Selain itu, otoritas juga mengkaji pemberian insentif dalam bentuk penyesuaian tarif pungutan bagi produk syariah menjadi lebih kecil. OJK saat ini sedang membahas kebijakan itu dengan Direktorat Jenderal Pajak dan Badan Kebijakan Fiskal untuk merevisi ketentuan pungutan yang ada di dalam Peraturan Pemerintah (PP) Nomor 11 tahun 2014 tentang Pungutan oleh Otoritas Jasa Keuangan.
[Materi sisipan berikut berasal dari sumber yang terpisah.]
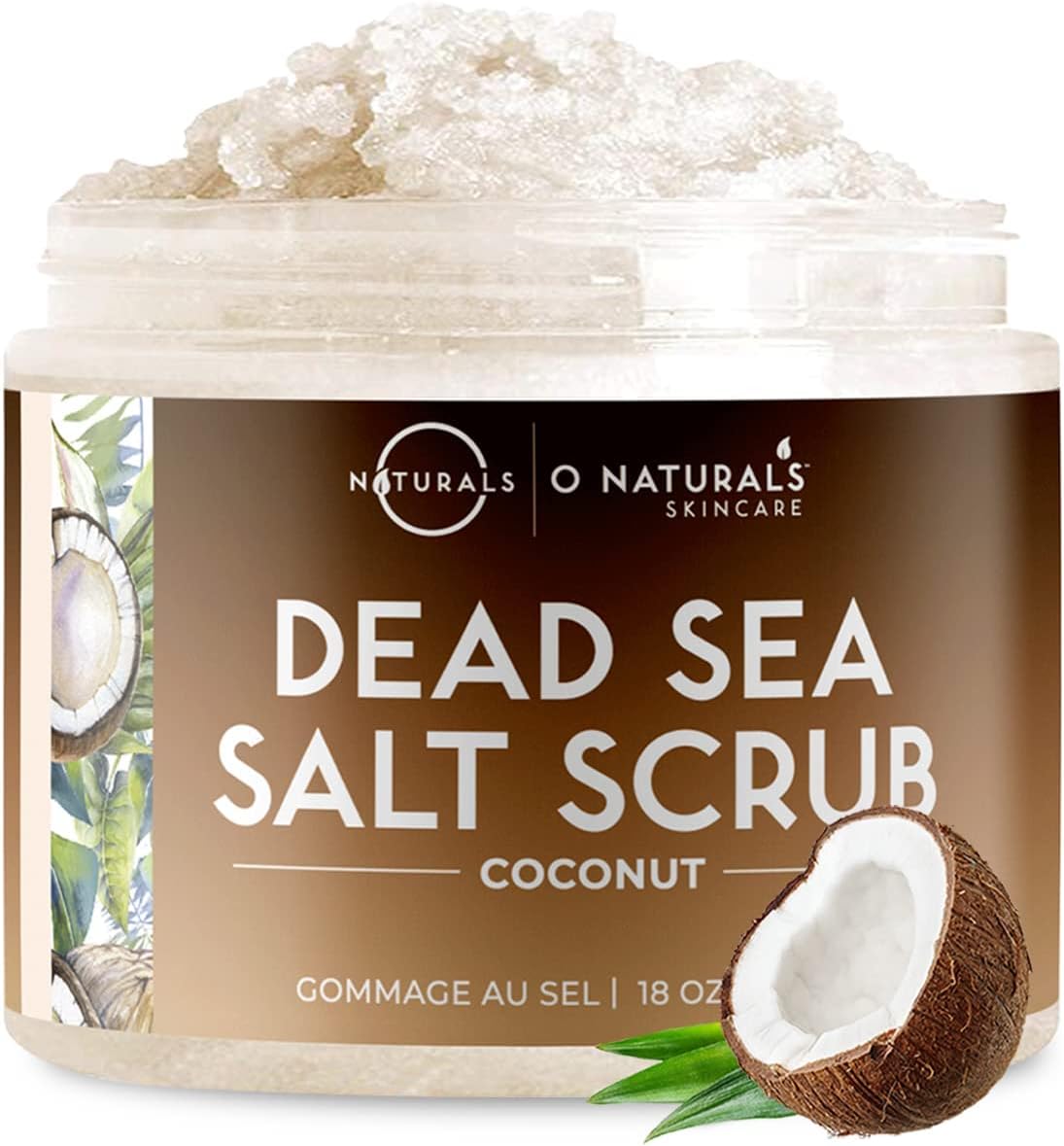 O Naturals 510g Ultra Hydrating Coconut Dead Sea Salt Scrub - Skin Smoothing Body Scrub Exfoliator & Foot Scrub, Body Exfoliator & Exfoliating Face Scrub - Facial Scrub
Manuel berkomentar bahwa regulator dan ulama, dalam hal ini OJK dan Dewan Syariah Nasional (DSN), dituntut untuk berani dan konsekuen menjalankan ekonomi syariah. Mereka harus dapat menyelesaikan perbedaan di antara mereka dan memimpin masyarakat untuk menjalankan sistem ekonomi syariah.
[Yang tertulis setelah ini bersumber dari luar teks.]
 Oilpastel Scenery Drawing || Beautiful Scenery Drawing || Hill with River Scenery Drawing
"Dari segi kebijakan terlihat baru penyempurnaan aturan yang ada sebelumnya, kecuali aturan mengenai ahli pasar modal syariah, sehingga diharapkan makin banyak terbitnya sukuk korporasi, reksa dana syariah, dan peningkatan jumlah investor dengan adanya lisensi sebagai ahli pasar modal syariah," kata Manuel.
Selain itu, DSN perlu mensosialisasikan lebih jauh pada ulama di berbagai daerah mengenai standar AAOIFI (Accounting and Auditing Organization of Islamic Financial Institution) No. 21 (pasal 2/1) yang menegaskan instrumen saham itu tidak bertentangan dengan syariah dengan akadnya syirkah al?musahamah, bahkan mensosialisasikan lebih jauh fatwa DSN?MUI No. 40 tahun 2003 (pasal 4 ayat 3). Lalu kalau perdagangan saham itu sendiri tidak bertentangan dengan syariah sebagaimana bagian lainnya pada standar AAOIFI No. 21 (pasal 3/2 dan 3/7).
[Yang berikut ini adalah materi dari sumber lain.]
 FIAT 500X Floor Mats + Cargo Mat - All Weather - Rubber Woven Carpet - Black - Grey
Bila hal tersebut dapat dilakukan, Manuel optimis ekonomi syariah akan lebih diterima masyarakat Indonesia karena keunggulan, persepsi dan fundamental yang melayakkannya sebagai platform ekonomi alternatif bagi semua kalangan, baik basis tradisionalnya umat muslim maupun kalangan lebih luas masyarakat Indonesia yang juga memiliki kekuatan ekonomi untuk menopang pertumbuhan ekonomi negara ini. "Mari mengulang success story Malaysia, dan menjadikan Indonesia hebat!"